**RECORDS SHOWN**
____
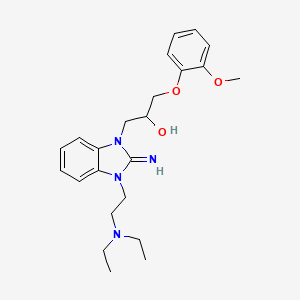 molecular formula C23H32N4O3 B11585208 1-{3-[2-(diethylamino)ethyl]-2-imino-2,3-dihydro-1H-benzimidazol-1-yl}-3-(2-methoxyphenoxy)propan-2-ol 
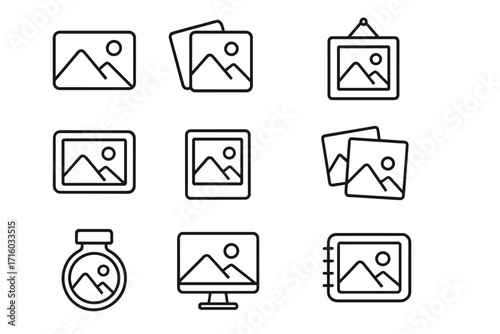 Picture & photo line icon set for graphic design. Vector collection of outline signs like image gallery, photo album, frame & computer display for apps, web & print.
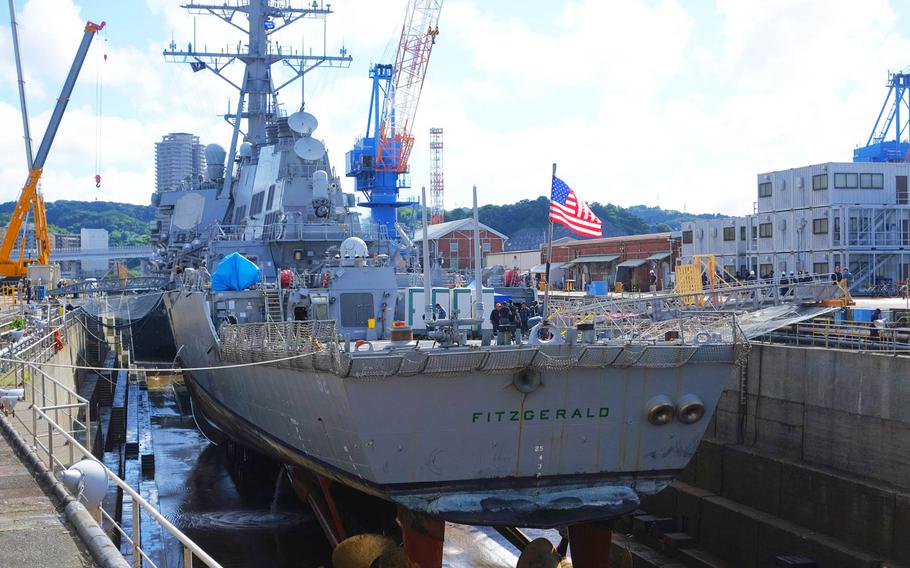 The USS Fitzgerald went into dry dock at Yokosuka Naval Base, Japan, Tuesday July 11, 2017. 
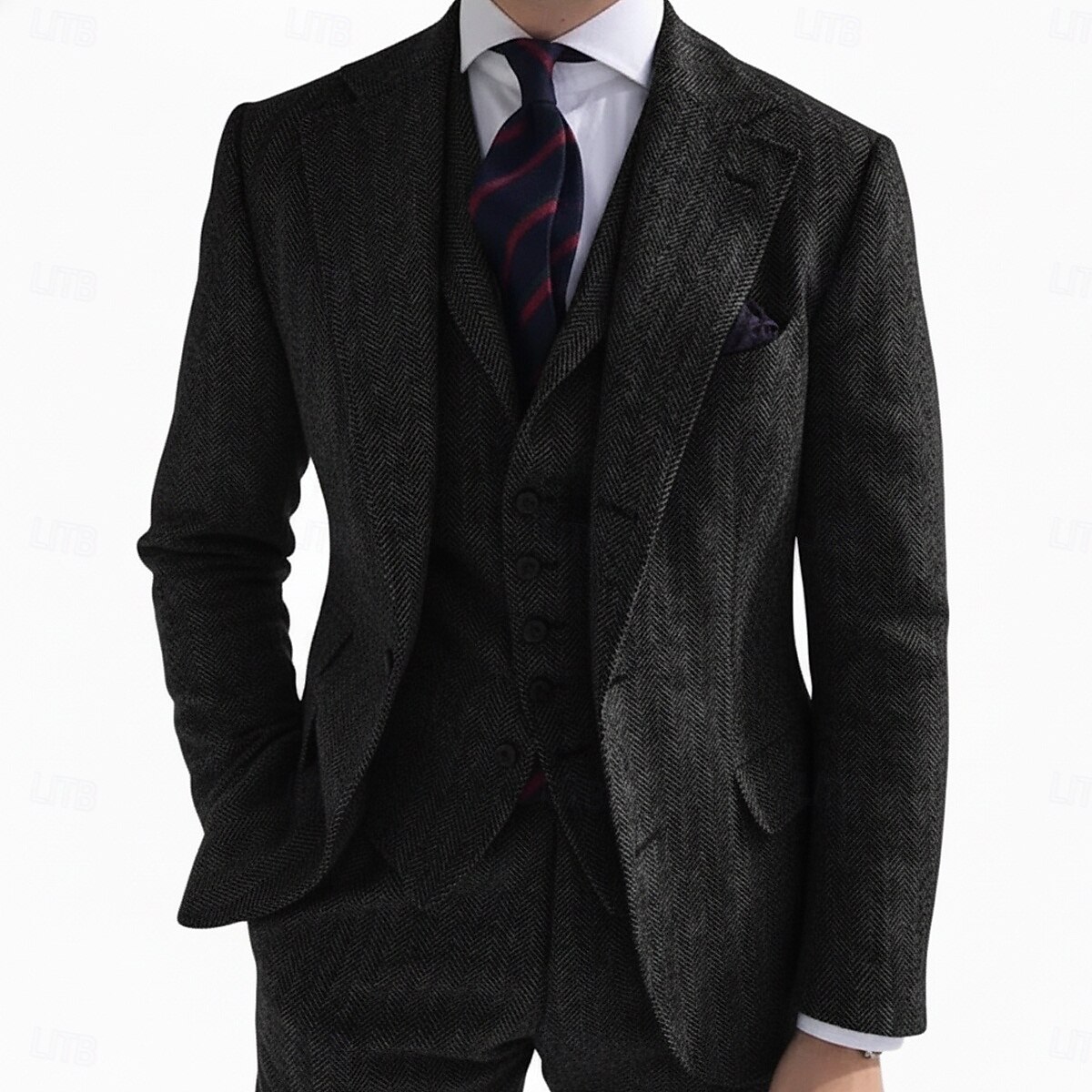 Men's Business Casual Tweed Suits Notch Lapel Black Light Grey Business Formal Herringbone Tailored Fit 3 Piece Single Breasted Two-buttons 2025 - $149.99 –P2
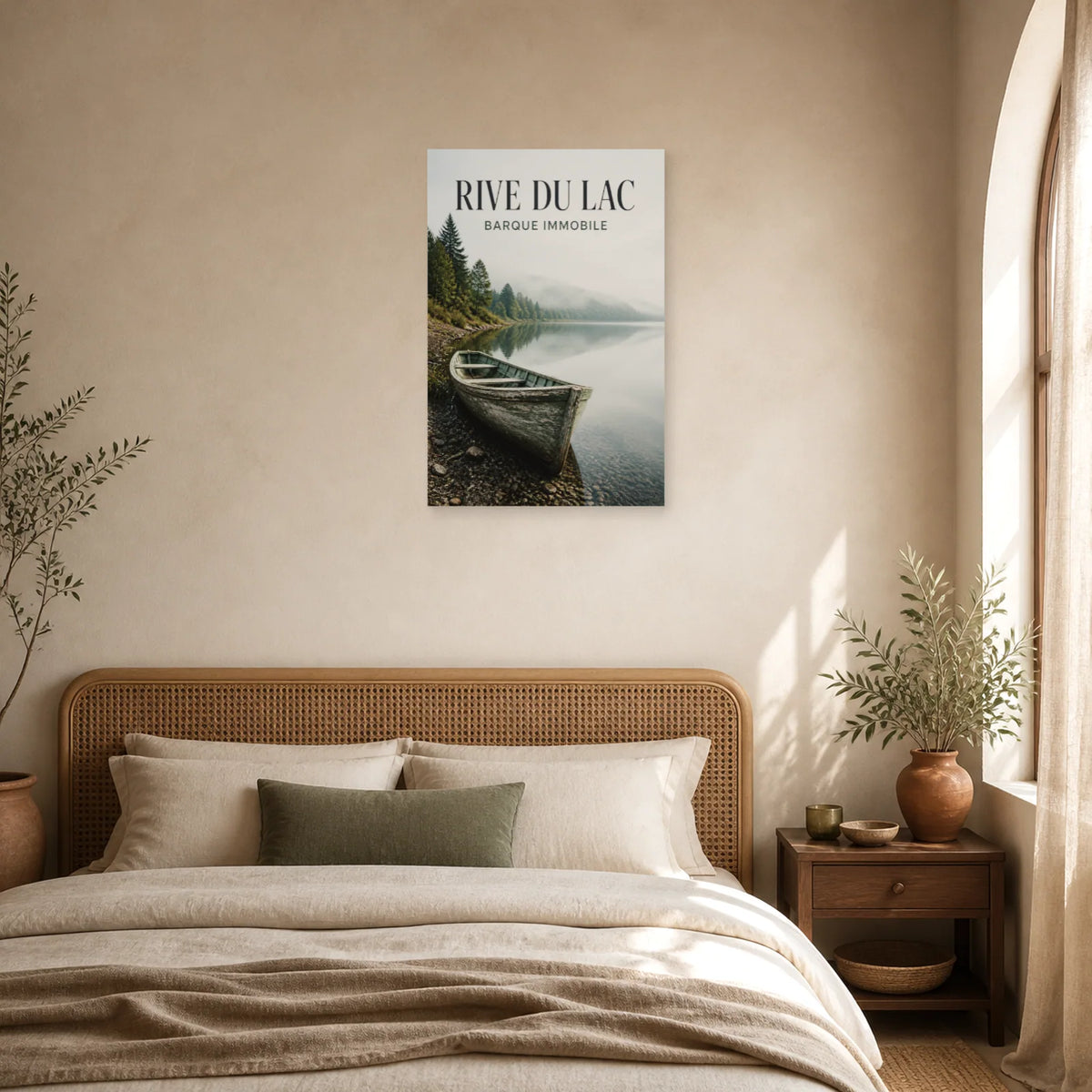 Affiche Rive du Lac – Barque Immobile dans une chambre - Art Virtuoso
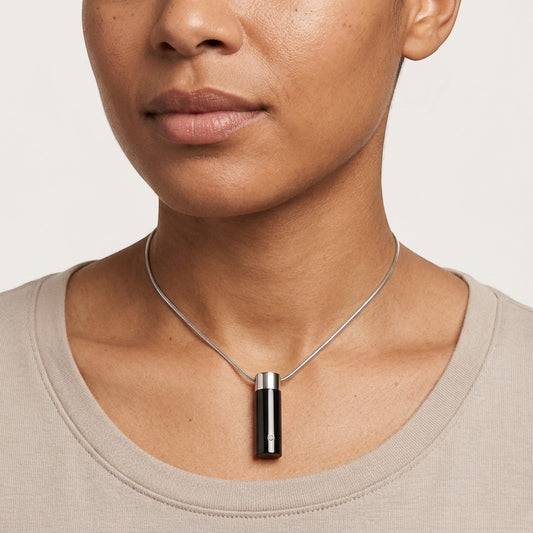 Aramat Jewels Buis ashanger in zilver en zwart met zirkonia, gemaakt van roestvrij staal.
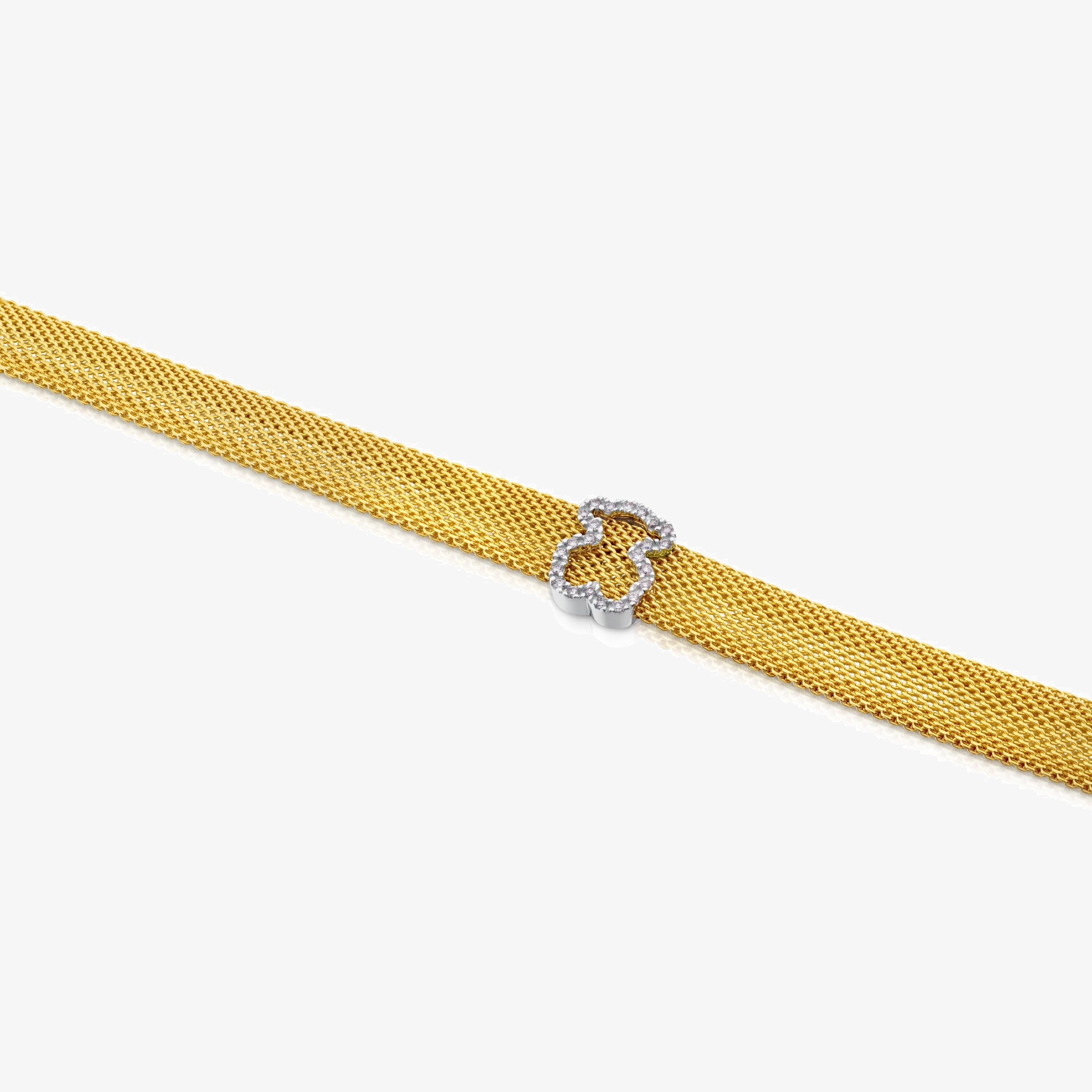 18K white and 18K solid gold Icon Mesh Bracelet with Diamonds Bear motif. Total carat weight: 0,14ct.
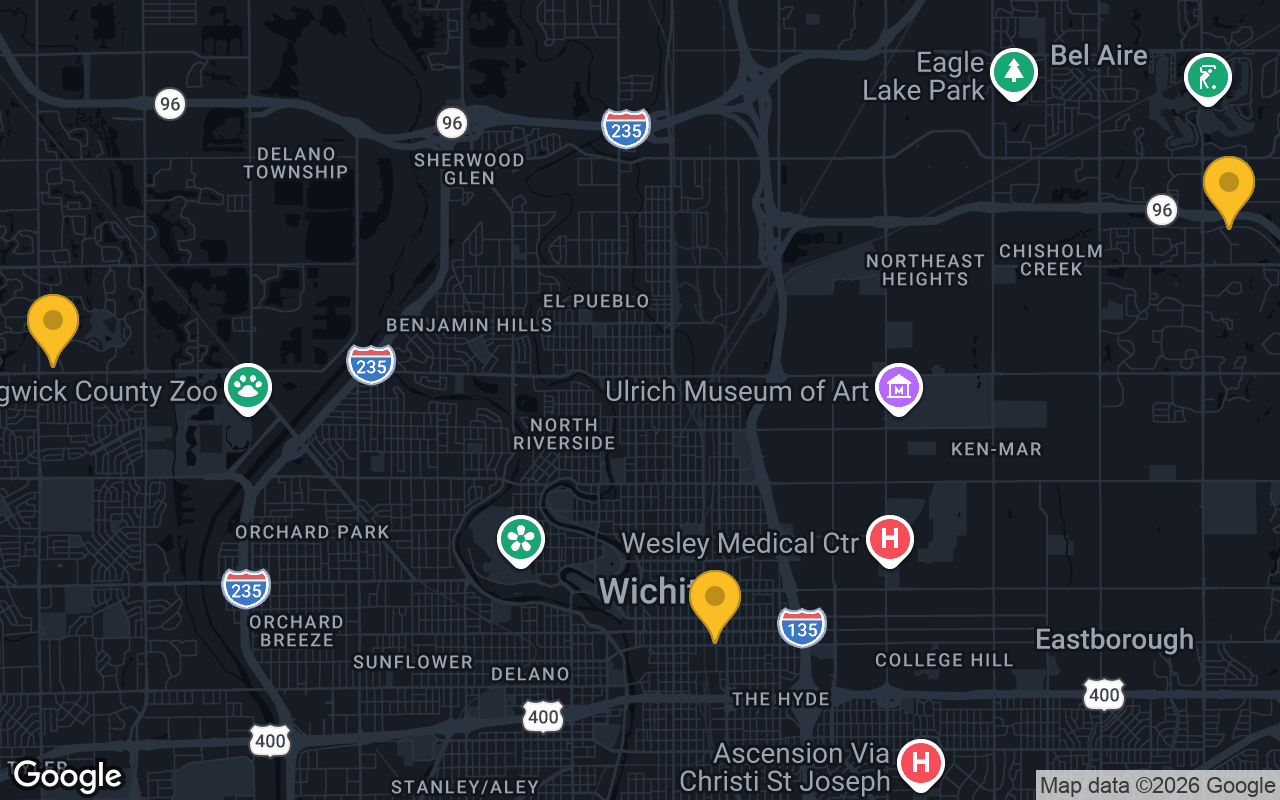 Map of bar trivia spots in Wichita, KS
____
**ASSIGNMENT**
In the listing above, find the line with "Picture & photo" and the line with "The USS Fitzgerald". Copy both of them and every line between, exactly, but not the pictures.

**RESULT FOR THIS TASK**
 Picture & photo line icon set for graphic design. Vector collection of outline signs like image gallery, photo album, frame & computer display for apps, web & print.
 The USS Fitzgerald went into dry dock at Yokosuka Naval Base, Japan, Tuesday July 11, 2017. 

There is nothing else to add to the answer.